Exercise prompt: Below are several entries. Transcribe exactly those lines that fall from the one with "To do so, I'm" through the one with "We're now at", end lines included.

Given entries:
____________

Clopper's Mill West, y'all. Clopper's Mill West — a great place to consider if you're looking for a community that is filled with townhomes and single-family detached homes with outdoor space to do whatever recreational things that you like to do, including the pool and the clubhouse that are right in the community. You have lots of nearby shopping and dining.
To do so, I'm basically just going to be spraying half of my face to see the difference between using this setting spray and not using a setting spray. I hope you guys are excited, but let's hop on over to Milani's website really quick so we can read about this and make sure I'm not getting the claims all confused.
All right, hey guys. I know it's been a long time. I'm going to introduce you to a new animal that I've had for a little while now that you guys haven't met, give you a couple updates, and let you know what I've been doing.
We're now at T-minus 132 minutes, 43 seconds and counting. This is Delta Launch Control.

____________

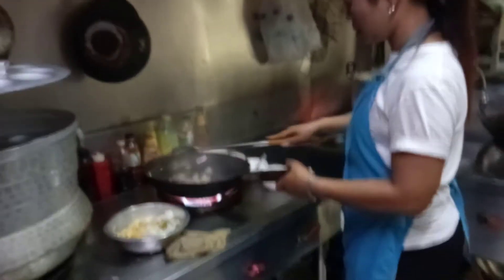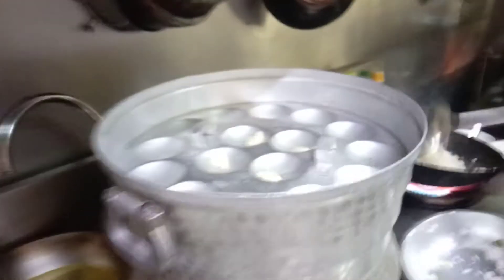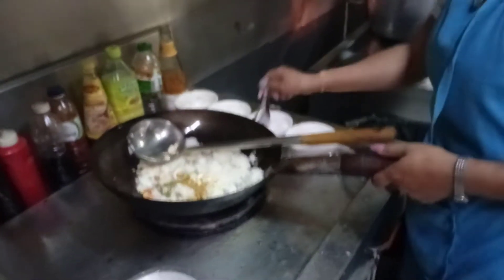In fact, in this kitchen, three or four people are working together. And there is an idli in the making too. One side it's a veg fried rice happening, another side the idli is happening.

____________

Response area:
To do so, I'm basically just going to be spraying half of my face to see the difference between using this setting spray and not using a setting spray. I hope you guys are excited, but let's hop on over to Milani's website really quick so we can read about this and make sure I'm not getting the claims all confused.
All right, hey guys. I know it's been a long time. I'm going to introduce you to a new animal that I've had for a little while now that you guys haven't met, give you a couple updates, and let you know what I've been doing.
We're now at T-minus 132 minutes, 43 seconds and counting. This is Delta Launch Control.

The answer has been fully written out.